**Your goal**
Could you retype exactly the lines below between the one holding "Sunrise over sand" and the one holding "Handsome athletic man", inclusive, leaving out any pictures?

━━ Material shown ━━

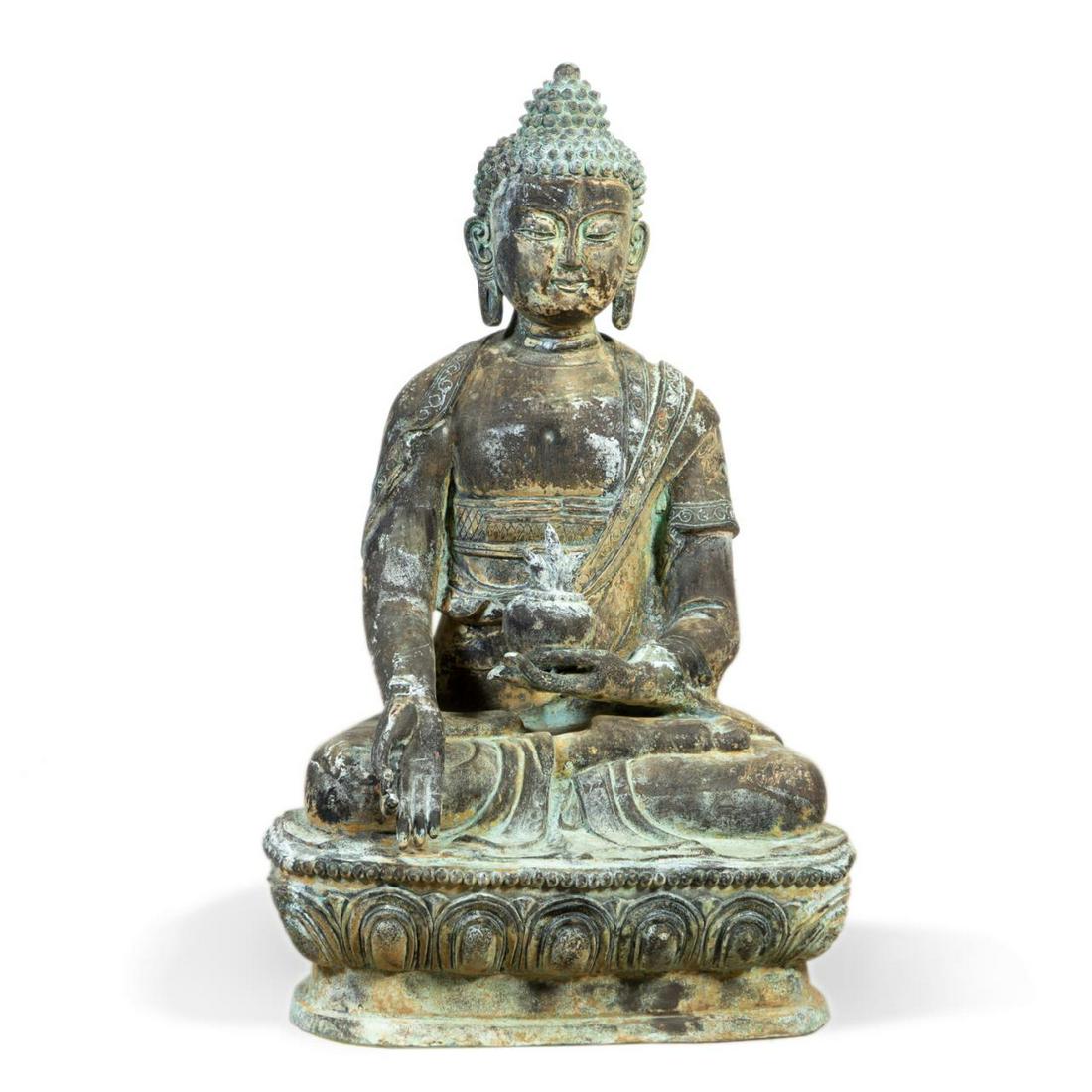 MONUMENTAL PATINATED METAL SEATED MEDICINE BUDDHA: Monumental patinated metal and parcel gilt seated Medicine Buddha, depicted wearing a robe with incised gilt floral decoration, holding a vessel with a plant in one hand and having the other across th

━━━
━━ Material shown ━━

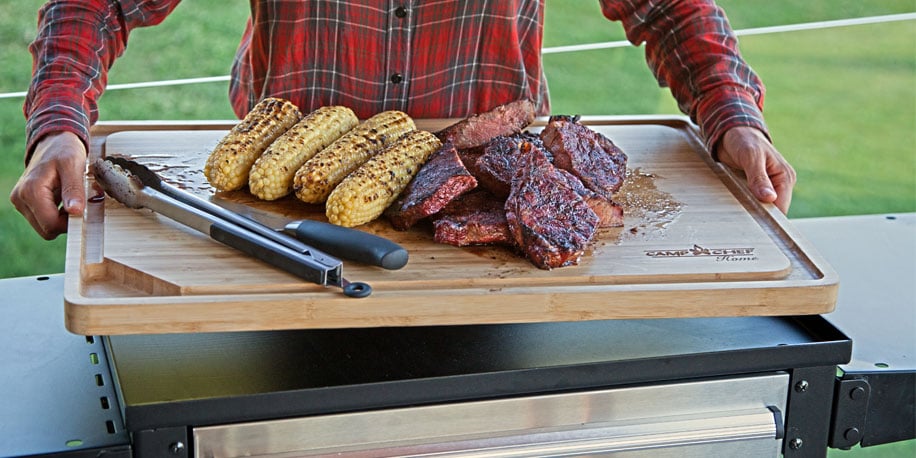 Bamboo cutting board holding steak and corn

━━━
━━ Material shown ━━

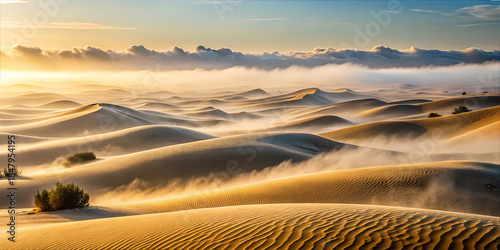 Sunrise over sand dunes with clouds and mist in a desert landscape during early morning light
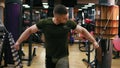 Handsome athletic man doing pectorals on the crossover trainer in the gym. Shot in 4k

━━━

**Answer section**
 Sunrise over sand dunes with clouds and mist in a desert landscape during early morning light
 Handsome athletic man doing pectorals on the crossover trainer in the gym. Shot in 4k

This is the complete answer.